(Web page caption snippets)
::::::::::

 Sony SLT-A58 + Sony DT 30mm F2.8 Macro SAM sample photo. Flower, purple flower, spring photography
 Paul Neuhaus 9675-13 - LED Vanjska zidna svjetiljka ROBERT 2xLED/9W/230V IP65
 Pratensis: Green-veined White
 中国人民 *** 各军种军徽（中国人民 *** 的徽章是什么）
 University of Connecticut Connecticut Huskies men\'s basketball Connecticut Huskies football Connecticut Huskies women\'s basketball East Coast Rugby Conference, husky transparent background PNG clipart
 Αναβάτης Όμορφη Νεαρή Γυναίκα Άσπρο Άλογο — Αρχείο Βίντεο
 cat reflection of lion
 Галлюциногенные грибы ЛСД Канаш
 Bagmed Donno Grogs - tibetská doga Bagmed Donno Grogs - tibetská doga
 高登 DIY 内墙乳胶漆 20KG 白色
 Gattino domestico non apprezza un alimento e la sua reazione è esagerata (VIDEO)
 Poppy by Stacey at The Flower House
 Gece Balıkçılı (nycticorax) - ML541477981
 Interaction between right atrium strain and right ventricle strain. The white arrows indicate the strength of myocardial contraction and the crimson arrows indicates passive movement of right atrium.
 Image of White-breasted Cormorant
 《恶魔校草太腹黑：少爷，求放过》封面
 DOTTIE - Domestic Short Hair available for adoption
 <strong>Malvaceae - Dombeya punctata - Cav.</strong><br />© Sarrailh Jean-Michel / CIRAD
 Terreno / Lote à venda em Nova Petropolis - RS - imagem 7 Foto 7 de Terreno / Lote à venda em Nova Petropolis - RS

::::::::::

§ Task description
The data above must be reproduced in full, exactly as given.

§ Output of the exercise
 Sony SLT-A58 + Sony DT 30mm F2.8 Macro SAM sample photo. Flower, purple flower, spring photography
 Paul Neuhaus 9675-13 - LED Vanjska zidna svjetiljka ROBERT 2xLED/9W/230V IP65
 Pratensis: Green-veined White
 中国人民 *** 各军种军徽（中国人民 *** 的徽章是什么）
 University of Connecticut Connecticut Huskies men\'s basketball Connecticut Huskies football Connecticut Huskies women\'s basketball East Coast Rugby Conference, husky transparent background PNG clipart
 Αναβάτης Όμορφη Νεαρή Γυναίκα Άσπρο Άλογο — Αρχείο Βίντεο
 cat reflection of lion
 Галлюциногенные грибы ЛСД Канаш
 Bagmed Donno Grogs - tibetská doga Bagmed Donno Grogs - tibetská doga
 高登 DIY 内墙乳胶漆 20KG 白色
 Gattino domestico non apprezza un alimento e la sua reazione è esagerata (VIDEO)
 Poppy by Stacey at The Flower House
 Gece Balıkçılı (nycticorax) - ML541477981
 Interaction between right atrium strain and right ventricle strain. The white arrows indicate the strength of myocardial contraction and the crimson arrows indicates passive movement of right atrium.
 Image of White-breasted Cormorant
 《恶魔校草太腹黑：少爷，求放过》封面
 DOTTIE - Domestic Short Hair available for adoption
 <strong>Malvaceae - Dombeya punctata - Cav.</strong><br />© Sarrailh Jean-Michel / CIRAD
 Terreno / Lote à venda em Nova Petropolis - RS - imagem 7 Foto 7 de Terreno / Lote à venda em Nova Petropolis - RS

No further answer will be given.